How to Find the “Routes” of All-Pairs Shortest Paths With the Floyd-Warshall Algorithm in C#

Introduction

In the previous post, we saw how to solve the all-pairs shortest path problem using the Floyd-Warshall algorithm. We also explored several ways to improve the algorithm’s performance by using parallelism and vectorization.

However, if you think about the results of the Floyd-Warshall algorithm, you will quickly realise the interesting moment – we know the distances (values of shortest paths) between vertexes in a graph but we don’t know the “routes” i.e., we don’t know what vertexes contribute to each shortest path, and we can’t rebuild these “routes” from the results we have.

In this post, I invite you to join me and extend the Floyd-Warshall algorithm. This time, we are going to make sure we can calculate the distance and rebuild the “route.”

A Bit of Known Theory…

Before diving into code and benchmarks, let’s revise a theory of how the Floyd-Warshall algorithm works.

Here is a textual description of the algorithm:

We start by representing a graph (G) of size N as matrix (W) of size N x N where every cell W[i,j] contains the weight of an edge from vertex i to vertex j (see Picture 1). In cases when there is no edge between vertexes, the cell is set to a special NO_EDGE value (shown as dark cells in Picture 1).
From now on, we say – W[i,j] contains a distance between vertexes i and j.
Next, we take a vertex k and iterate through all pairs of vertexes W[i,j] checking if distance i ⭢ k ⭢ j is smaller than the currently known distance between i and j.
The smallest value is stored in W[i,j] and step #3 is repeated for the next k until all vertexes of G have been used as k.

Here is the pseudo-code:

algorithm FloydWarshall(W) do
  for k = 0 to N - 1 do
    for i = 0 to N - 1 do
      for j = 0 to N - 1 do
        W[i,j] = min(W[i,j], W[i,k] + W[k,j])
      end for
    end for
  end for
end algorithm

When done, every cell W[i,j] of matrix W either contains a distance of the shortest path between vertexes i and j or a NO_EDGE value, if there is no path between them.

As I mentioned in the beginning – having only this information makes it impossible to reconstruct the routes between these vertexes. So… what should we do to be able to reconstruct these routes?

Well… it may sound obvious but… we need to collect more data!

… A Bit of the Same Theory but From a Different Angle

The essence of the Floyd-Warshall algorithm is a compartment of known distance W[i,j] with a distance of potentially new path from i to j through intermediate vertex k.

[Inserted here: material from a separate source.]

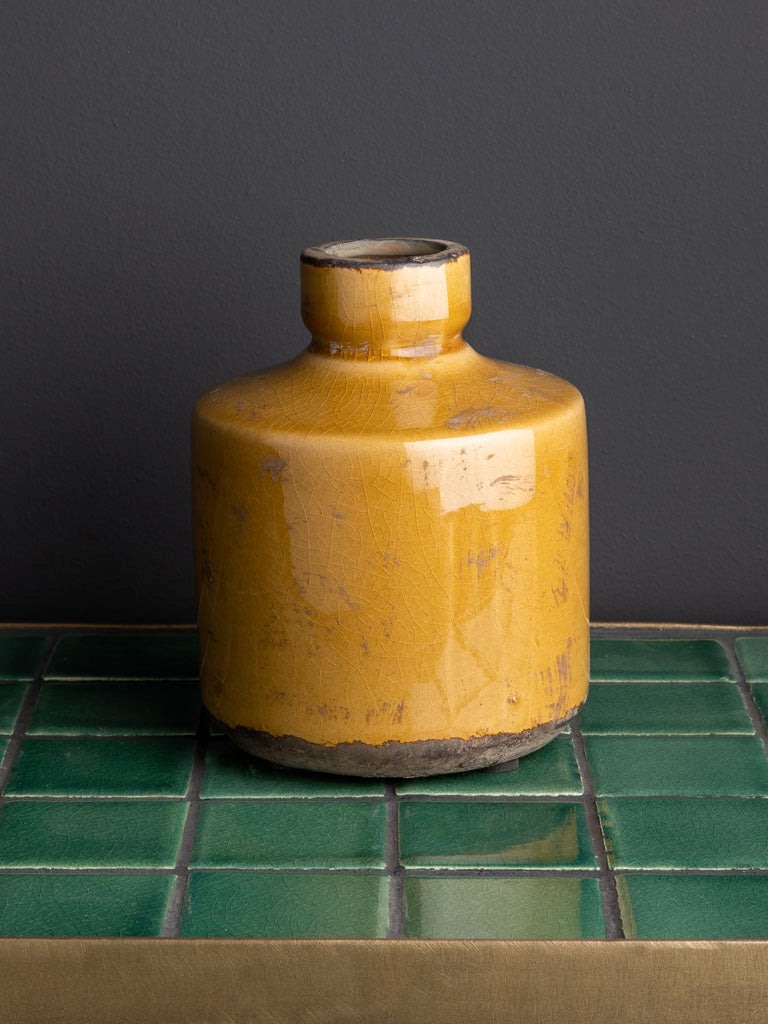 Bottle vase Mustard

I drag so much attention to this detail because it is the key to how we can preserve route information. Let’s take the previous graph of 5 vertexes (see Picture 2) and execute the Floyd-Warshall algorithm on it.

Initially, we know about all graph edges, which gives us the following paths: 0 ⭢ 1 :2, 0 ⭢ 4 :10, 1 ⭢ 3 :1, 2 ⭢ 4 :1, 3 ⭢ 2 :1 and 3 ⭢ 4 :3.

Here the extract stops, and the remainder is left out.